水と緑と自然、それは「にわ」

都市や農村における緑地の在り方、自然環境の資源とその保全、「にわ」の設計と維持・管理

映画雑感

 今年も、後残すところ10日余りと押し詰まりました。悲喜交々いろいろあった戌年、ブログの作成も今年の後半は、いろいろ大変でなかなか書けない日が続きました。

 もう2か月前の話になってしまいます。定年退職後、自由な時間に近くのシアターでロードショウ劇場では公開されない映画を見ています。普段なら単館映画館で短い期間だけ公開される名画を選んで上映しています。ここで10月25日、「英国総督 最後の家」判決、ふたつの希望」を見ました。前者はインド独立に際しての最後のイギリス総督の物語、後者は、現在紛争の激しい中東レバノン、パレスチナを舞台とした宗教と移民の問題が関係する物語でした。

 インドの最後の英国総督はマウントバッテン卿。近代世界史をもう一度勉強しなおしました。マハトマ・ガンジーやネール首相の名前は昔から聞いて知っていましたが、インド独立に関連しての世界情勢や独立への歩み・経緯の中で考えたことはありませんでした。

 映画のストーリをチラシから抜粋します。

 第二次世界大戦で国力が疲弊したイギリスは、植民地インドを去ると決定。主権移譲の為、任命された新総督のマウントバッテン卿、その妻と娘は、首都デリーの壮麗なる総督官邸にやって来る。大広間と迎賓室がそれぞれ34室、食堂は10部屋で、映写室も備えた大邸宅に500人もの使用人が使える。そこでは独立後に統一インドを望む国民会議派と、分離してパキスタンを建国したいムスリム連盟によって、連日連夜論議が闘わされた。 独立前夜、混迷を深める激動のインドで、歴史に翻弄された人々を鮮やかに描いた感動の人間ドラマ。 

 

 現在も中印国境は国の対立の火種、パキスタンは東西に分かれ東はバングラデシュ、西は今も中国、ロシアの動きが見られ、内政的にも過激派集団の動向が広がるパキスタン、火種が付きません。

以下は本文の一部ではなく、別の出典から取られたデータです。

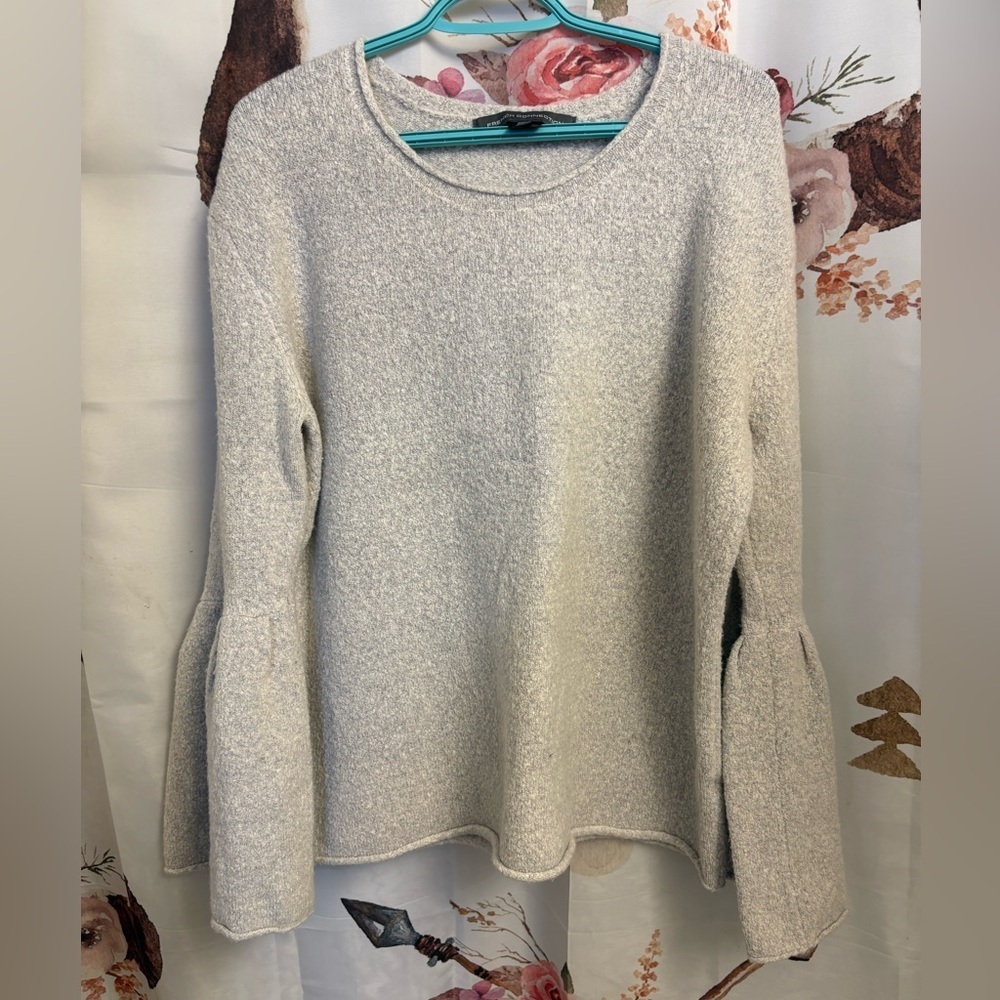 Small French Connection Cream Sweater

もともとヒンデュー教とイスラム教徒の宗教に関連して統一インドの独立が成らず、宗教を基本として分離独立する背景が、この映画では浮き彫りにされ、その中で最後の植民地を手放すイギリス、一つの国として纏めようとするイギリスの苦悩が、総督の使用人も巻き込んで描き出されていました。国境設定に伴う宗教と関連した人々の移動(今のミャンマーとバングラディシュ間の難民にも関連)、難民・移民の悲劇も盛り込んだ英国領インド最後の6か月を浮き彫りにする真実の物語です。70年以上経過した今日でも、依然として国同士の対立、火種が燻る問題です。

 英国王室チャールズ皇太子は、マウントバッテン卿の甥の息子でこの映画の制作に関わっています。「事実は小説より奇なり」、「縁は異なもの味なもの」を地でいく作品でした。

 

 同じ日に、もう1本「判決、二つの希望」も見ました。この映画も難民、移住民、宗教の違いを背景とした作品でした。2人の男(1人はレバノンに来たイスラム教徒のパレスティナ難民の配管工、もう1人はレバノンに住むキリスト教徒の自動車整備工)が自分の家の周りの工事に関係して口論となり、次第に問題が複雑化し社会問題となり国・民族問題を含めた裁判沙汰に発展してしまう物語でした。

 ここでも日常のコミュニティーの姿が些細な一言から崩れ、対立し苦悩する様子が浮き彫りにされています。人種、宗教、国、仲間、日常生活など色々な視点から考えさせられる問題です。決して他山の石、他国の話ではないと思います。

 先日、労働力不足を補う外国人労働者の就労に関する法律を決めた日本。これまでの技術研修生制度の中で外国人労働者を迎え入れて来た、いろいろな業界、団体、会社内における日本人と外国人労働者との間で、この映画と似た問題は少なからずあったのではないか、 国や宗教の違いによる区別(差別)、習慣の違い、考え方の違い、個人と集団の違い、人間の本質は何?

 このような状況を考えると決してこの映画は見逃せないテーマだと感じました。

 あなたならどうする? 大変深い問題を含む考えさせられる映画でした。

 

この映画を見た10日後に、それ以上の悲惨で惨めで悲しく切なく辛い現実が待っていようとは。